What is being asked
In the listing below, the answer starts at the line that has "Nissan Leaf 2010-2017" and stops after the line that has "Small Image of"; please repeat that part exactly and nothing more.

Information
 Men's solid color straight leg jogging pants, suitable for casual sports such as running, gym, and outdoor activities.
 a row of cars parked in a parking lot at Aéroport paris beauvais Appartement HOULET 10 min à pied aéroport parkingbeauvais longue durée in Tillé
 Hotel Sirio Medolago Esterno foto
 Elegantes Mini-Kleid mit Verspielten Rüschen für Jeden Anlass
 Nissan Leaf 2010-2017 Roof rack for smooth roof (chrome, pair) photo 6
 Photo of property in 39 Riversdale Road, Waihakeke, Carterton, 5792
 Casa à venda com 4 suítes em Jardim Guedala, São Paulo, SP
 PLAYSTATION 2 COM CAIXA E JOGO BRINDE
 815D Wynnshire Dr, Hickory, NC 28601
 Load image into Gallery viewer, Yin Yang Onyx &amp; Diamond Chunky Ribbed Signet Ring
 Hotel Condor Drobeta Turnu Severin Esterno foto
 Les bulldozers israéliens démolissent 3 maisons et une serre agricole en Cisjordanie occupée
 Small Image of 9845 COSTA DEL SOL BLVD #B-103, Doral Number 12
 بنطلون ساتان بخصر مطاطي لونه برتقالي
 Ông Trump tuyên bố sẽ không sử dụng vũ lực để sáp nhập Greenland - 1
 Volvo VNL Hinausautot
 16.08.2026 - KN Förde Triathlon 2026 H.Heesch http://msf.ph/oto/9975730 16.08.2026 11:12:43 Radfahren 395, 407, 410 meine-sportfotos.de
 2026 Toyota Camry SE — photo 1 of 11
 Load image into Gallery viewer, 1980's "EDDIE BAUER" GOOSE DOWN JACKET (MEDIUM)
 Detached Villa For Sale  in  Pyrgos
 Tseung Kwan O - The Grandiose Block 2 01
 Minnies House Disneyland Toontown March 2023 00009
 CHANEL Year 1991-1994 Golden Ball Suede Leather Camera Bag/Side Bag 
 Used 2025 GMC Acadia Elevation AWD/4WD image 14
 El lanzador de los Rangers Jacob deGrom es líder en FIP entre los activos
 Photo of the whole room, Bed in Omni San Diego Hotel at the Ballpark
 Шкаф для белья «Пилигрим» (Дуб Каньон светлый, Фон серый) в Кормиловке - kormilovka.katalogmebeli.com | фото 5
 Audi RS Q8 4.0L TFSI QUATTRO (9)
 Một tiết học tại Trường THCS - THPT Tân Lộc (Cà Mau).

Exercise result
 Nissan Leaf 2010-2017 Roof rack for smooth roof (chrome, pair) photo 6
 Photo of property in 39 Riversdale Road, Waihakeke, Carterton, 5792
 Casa à venda com 4 suítes em Jardim Guedala, São Paulo, SP
 PLAYSTATION 2 COM CAIXA E JOGO BRINDE
 815D Wynnshire Dr, Hickory, NC 28601
 Load image into Gallery viewer, Yin Yang Onyx &amp; Diamond Chunky Ribbed Signet Ring
 Hotel Condor Drobeta Turnu Severin Esterno foto
 Les bulldozers israéliens démolissent 3 maisons et une serre agricole en Cisjordanie occupée
 Small Image of 9845 COSTA DEL SOL BLVD #B-103, Doral Number 12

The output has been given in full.